Work required:
Copy exactly the stretch of data below from the line with "BYD Yuan UP — Фото автомобиля 22" through the line with "Container Shipping Logistics", including both of those lines.

Records to process:
☆ ☆ ☆ ☆ ☆ ☆ ☆

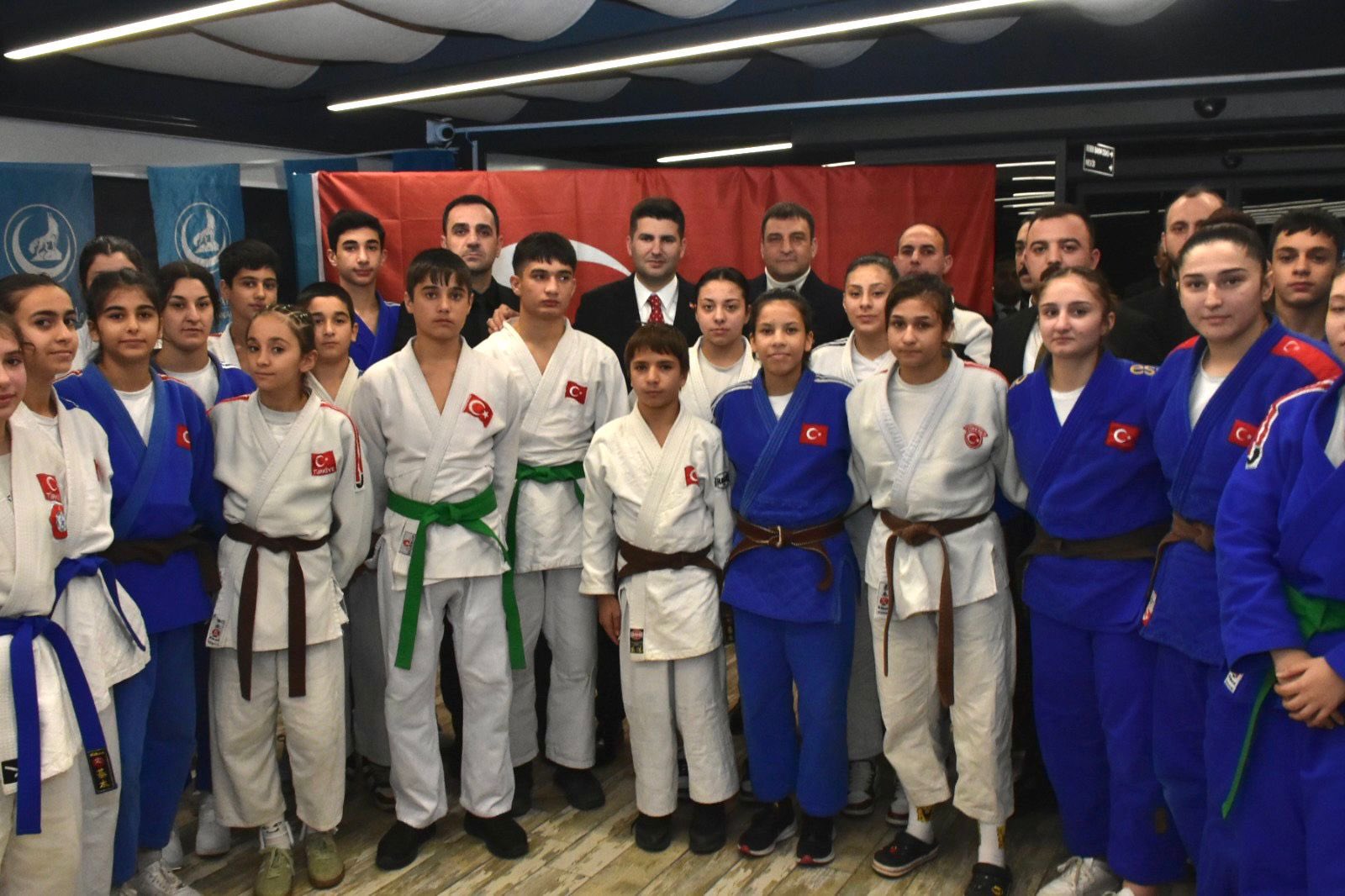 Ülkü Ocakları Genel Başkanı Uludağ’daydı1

☆ ☆ ☆ ☆ ☆ ☆ ☆

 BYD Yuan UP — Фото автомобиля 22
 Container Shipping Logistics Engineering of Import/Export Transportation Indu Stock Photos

☆ ☆ ☆ ☆ ☆ ☆ ☆

Answer to this problem:
 BYD Yuan UP — Фото автомобиля 22
 Container Shipping Logistics Engineering of Import/Export Transportation Indu Stock Photos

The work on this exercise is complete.